(Scraped caption text data)
____

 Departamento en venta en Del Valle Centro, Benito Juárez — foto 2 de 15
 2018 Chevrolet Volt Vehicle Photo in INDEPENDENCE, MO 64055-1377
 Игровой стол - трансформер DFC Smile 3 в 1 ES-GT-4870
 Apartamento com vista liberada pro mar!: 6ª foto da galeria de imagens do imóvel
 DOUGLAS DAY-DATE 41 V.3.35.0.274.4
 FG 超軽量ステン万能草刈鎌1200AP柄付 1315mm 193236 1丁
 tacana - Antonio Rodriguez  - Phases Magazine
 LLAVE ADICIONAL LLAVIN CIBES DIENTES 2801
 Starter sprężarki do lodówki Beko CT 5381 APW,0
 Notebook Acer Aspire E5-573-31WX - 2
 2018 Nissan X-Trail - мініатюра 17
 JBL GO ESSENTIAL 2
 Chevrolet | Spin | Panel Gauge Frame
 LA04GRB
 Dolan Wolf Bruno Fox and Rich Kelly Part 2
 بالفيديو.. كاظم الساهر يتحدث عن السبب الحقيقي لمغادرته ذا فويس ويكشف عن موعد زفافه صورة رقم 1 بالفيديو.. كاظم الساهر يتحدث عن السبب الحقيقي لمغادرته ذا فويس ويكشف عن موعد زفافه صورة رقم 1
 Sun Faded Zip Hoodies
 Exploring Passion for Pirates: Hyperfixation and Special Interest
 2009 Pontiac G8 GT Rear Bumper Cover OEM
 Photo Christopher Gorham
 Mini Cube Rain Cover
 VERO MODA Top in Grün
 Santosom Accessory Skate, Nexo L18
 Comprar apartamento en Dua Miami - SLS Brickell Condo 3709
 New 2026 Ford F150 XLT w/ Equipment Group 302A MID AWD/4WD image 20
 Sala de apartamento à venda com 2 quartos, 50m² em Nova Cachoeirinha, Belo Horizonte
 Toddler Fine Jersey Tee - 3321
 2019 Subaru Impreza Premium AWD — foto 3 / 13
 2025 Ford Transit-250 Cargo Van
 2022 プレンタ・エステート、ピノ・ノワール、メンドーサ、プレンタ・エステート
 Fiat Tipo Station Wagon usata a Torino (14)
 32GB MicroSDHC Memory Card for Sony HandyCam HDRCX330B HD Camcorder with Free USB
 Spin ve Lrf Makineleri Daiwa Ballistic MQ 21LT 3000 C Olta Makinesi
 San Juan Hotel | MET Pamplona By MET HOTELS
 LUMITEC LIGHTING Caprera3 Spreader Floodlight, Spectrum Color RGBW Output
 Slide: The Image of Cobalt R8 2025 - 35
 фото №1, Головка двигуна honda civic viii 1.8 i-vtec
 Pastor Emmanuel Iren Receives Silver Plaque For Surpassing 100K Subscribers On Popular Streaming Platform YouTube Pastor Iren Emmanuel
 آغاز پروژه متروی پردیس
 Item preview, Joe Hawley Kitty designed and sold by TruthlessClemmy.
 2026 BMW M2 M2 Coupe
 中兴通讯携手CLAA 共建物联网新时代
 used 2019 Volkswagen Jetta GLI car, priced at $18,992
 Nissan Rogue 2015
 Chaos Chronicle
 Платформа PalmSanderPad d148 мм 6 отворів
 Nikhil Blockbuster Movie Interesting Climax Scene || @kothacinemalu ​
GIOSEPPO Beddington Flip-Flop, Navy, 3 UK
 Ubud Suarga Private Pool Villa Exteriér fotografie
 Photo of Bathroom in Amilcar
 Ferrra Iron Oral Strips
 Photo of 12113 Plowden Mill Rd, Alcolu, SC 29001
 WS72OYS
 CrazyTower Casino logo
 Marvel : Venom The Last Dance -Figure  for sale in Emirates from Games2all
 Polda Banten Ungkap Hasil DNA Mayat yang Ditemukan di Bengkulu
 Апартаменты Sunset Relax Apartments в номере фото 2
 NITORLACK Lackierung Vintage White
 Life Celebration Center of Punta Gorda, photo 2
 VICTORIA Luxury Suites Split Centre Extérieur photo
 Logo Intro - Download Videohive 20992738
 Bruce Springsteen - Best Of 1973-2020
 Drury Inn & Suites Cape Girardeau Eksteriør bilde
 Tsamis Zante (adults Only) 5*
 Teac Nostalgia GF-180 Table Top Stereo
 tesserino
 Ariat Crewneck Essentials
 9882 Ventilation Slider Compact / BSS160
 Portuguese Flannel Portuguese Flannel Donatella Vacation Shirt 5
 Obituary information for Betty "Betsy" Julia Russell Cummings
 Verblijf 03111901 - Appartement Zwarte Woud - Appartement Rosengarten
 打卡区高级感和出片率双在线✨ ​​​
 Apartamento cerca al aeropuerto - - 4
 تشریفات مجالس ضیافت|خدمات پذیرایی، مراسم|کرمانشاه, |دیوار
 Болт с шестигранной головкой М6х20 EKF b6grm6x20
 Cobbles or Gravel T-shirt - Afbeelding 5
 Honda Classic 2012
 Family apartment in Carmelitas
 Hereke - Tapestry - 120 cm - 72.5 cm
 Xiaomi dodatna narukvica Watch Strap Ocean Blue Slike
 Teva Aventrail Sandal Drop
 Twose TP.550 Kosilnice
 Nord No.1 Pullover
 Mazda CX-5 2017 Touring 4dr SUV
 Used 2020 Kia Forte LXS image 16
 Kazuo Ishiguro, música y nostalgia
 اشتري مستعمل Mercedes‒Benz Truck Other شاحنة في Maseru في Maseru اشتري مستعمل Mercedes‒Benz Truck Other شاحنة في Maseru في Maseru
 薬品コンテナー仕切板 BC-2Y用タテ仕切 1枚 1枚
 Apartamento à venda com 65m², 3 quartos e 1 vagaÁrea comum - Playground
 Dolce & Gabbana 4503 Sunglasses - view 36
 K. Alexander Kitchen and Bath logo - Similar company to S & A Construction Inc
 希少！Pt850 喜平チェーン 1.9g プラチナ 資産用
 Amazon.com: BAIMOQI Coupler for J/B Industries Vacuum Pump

____

▶ DIRECTIONS FOR THIS TASK
When the line with "Nord No.1 Pullover" is reached in the data above, begin copying, and stop after the line with "薬品コンテナー仕切板 BC-2Y用タテ仕切 1枚 1枚"; copy each line exactly, both ends included.

▶ SOLUTION TO THIS EXERCISE
 Nord No.1 Pullover
 Mazda CX-5 2017 Touring 4dr SUV
 Used 2020 Kia Forte LXS image 16
 Kazuo Ishiguro, música y nostalgia
 اشتري مستعمل Mercedes‒Benz Truck Other شاحنة في Maseru في Maseru اشتري مستعمل Mercedes‒Benz Truck Other شاحنة في Maseru في Maseru
 薬品コンテナー仕切板 BC-2Y用タテ仕切 1枚 1枚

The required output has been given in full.